McCarrick is one of the two grand marshals for the Throggs Neck St. Patrick’s Day parade. He is a first-generation Irish American, and has visited Ireland many times, which he calls his second home.

“To me, St. Patricks Day itself has to do with the saint and what he did for Ireland, that is, he came and he brought Christianity into the land where it didn’t exist before,” he said. “He wasn’t the first one to go there but he was the first one who made such an impact.”

McCarrick celebrates the holiday each year with traditional music, going to church, and ultimately celebrating his heritage.

“A lot of people think it’s a day to go out drinking and things like that,” he said. “I don’t view it as that myself.”

McCarrick, who has six younger sisters, has lived in Throggs Neck for most of his 68 years, except for the first 4.5 years of his life when he lived at Washington Avenue and 178 Street, and some of his 20s in City Island. But even when he lived up the Sound, he stayed connected to the Irish community in Throggs Neck, attending Sunday Mass at the St. Frances de Chantal parish, where it’s still easy to find him.

At the church, he is a part of the choir and Holy Name Society, and he writes the newsletters and chairs the blood drive. He has been the recording secretary for the Throggs Neck Homeowners Association for more than two decades and is a member of the Ancient Order of Hibernians.

His mother and father, who met in New York after both immigrating from Ireland in the late 1940s, joined family members who had already come to the United States for better financial opportunities. His father ended up becoming a bus driver, and McCarrick thinks Michael Quill’s influence as co-founder and president of the Transport Workers Union had something to do with it.

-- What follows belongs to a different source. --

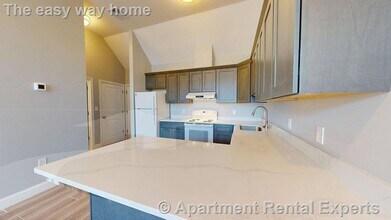 51 Hill Rd, Unit #206 in Belmont, MA - Building Photo - Building Photo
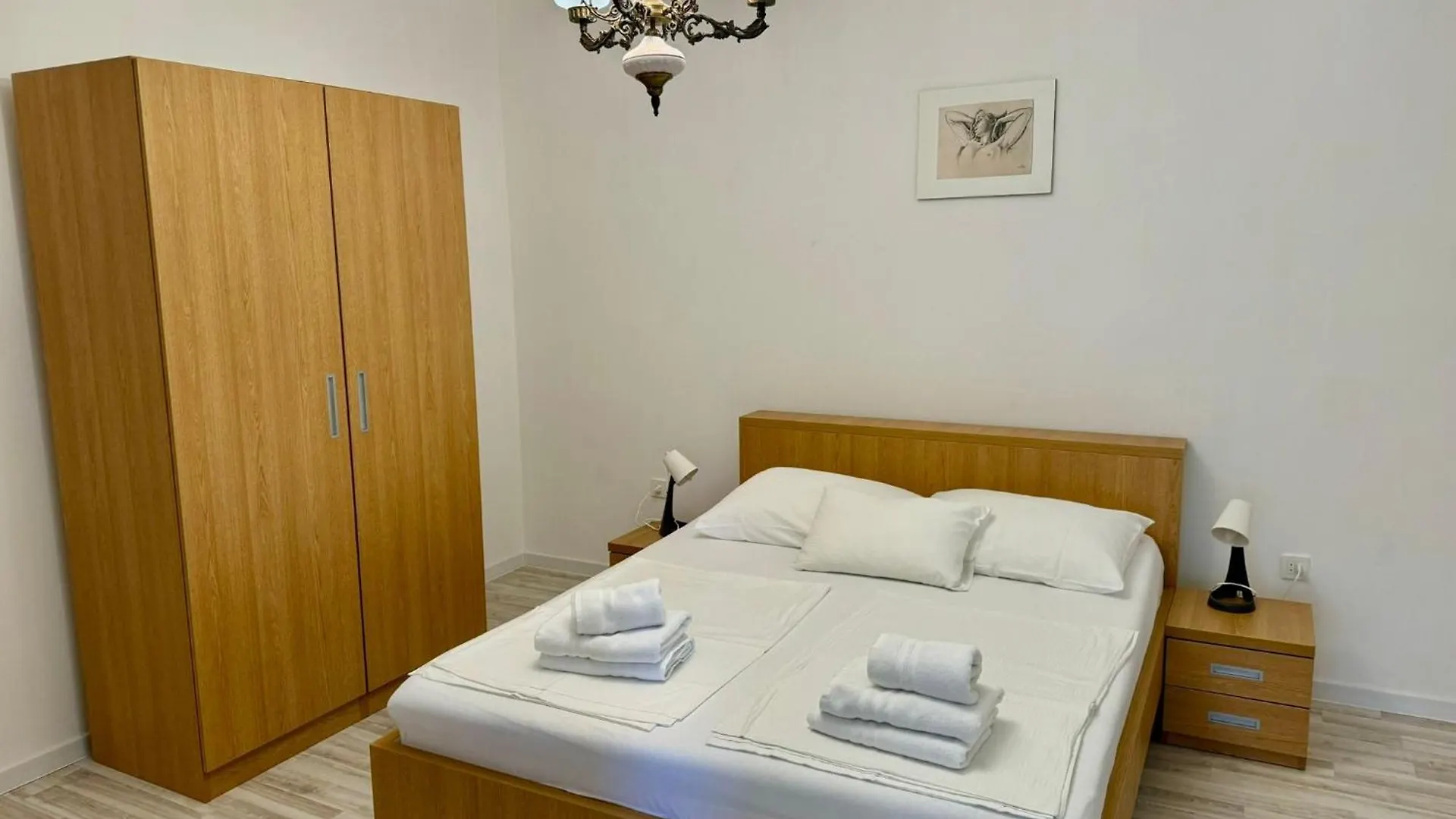 公寓 Erdgeschosswohnung Mit Terrasse Fuer Sechs Personen Kampor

“Because [Quill] was Irish, I think he was able to contract other workers who were also Irish,” McCarrick said. “I think ethnic groups tend to, out of necessity or just naturally, congregate among themselves for the most part.” 

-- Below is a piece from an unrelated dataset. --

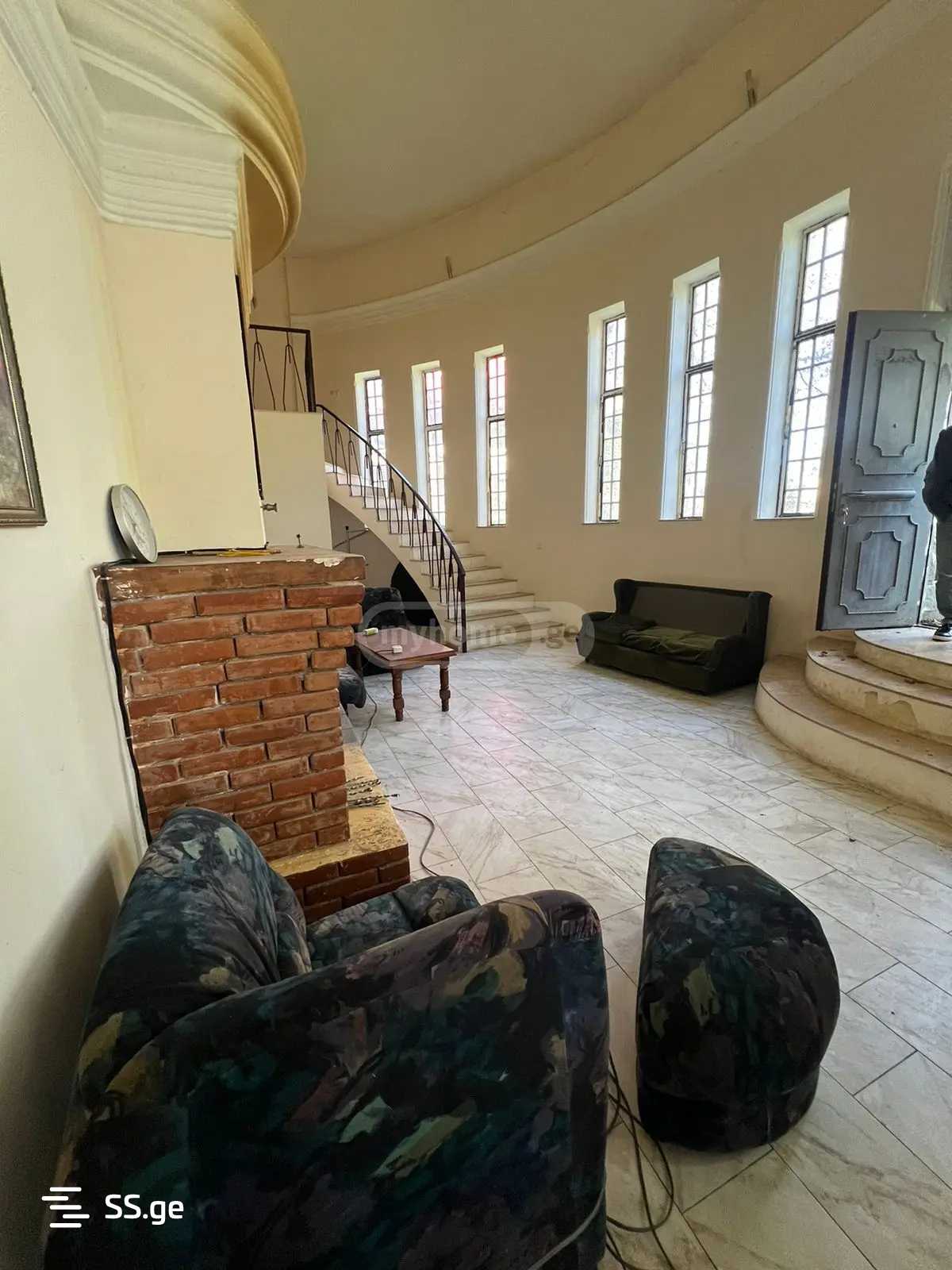 10 Room Summer Cottage For Sale view 4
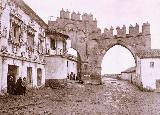 Arco de Villalar y Puerta de Jan. Foto antigua. Coleccin Narvez Olivera. Foto de Domingo Lpez Muoz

McCarrick, who works as an IT specialist at Canon, has been to every Throggs Neck St. Patrick’s Day parade, either marching or stationing himself by the grandstand on Tremont and Harding avenues with his Canon camera in hand to capture the event.

But over the years, he has noticed younger Irish Bronxites moving to Rockland County or Connecticut.

“I’ve wondered myself, are people giving up on the Bronx, or on the city, or not?” he asked. 

He finds comfort, however, in both seeing younger generations that do stay around, and knowing that those leaving are spreading their Irish Catholic values to other communities.

Lucky for him, his three children, all in their 30s, have stuck around the Bronx. 

His two sons are part of the International Union of Elevator Constructors bagpipe and drum band, which will be leading the parade this year, leading their father’s horse-drawn carriage — even though McCarrick insists he doesn’t mind walking. His daughter is a math teacher at Fordham Prep.

McCarrick watches his children attend Mass with his grandchildren, and sees them embrace lifelong connections with relatives in Ireland.

“They revere their Irish heritage,” he said of his offspring, a ripple effect of his own admiration of his parents’ culture.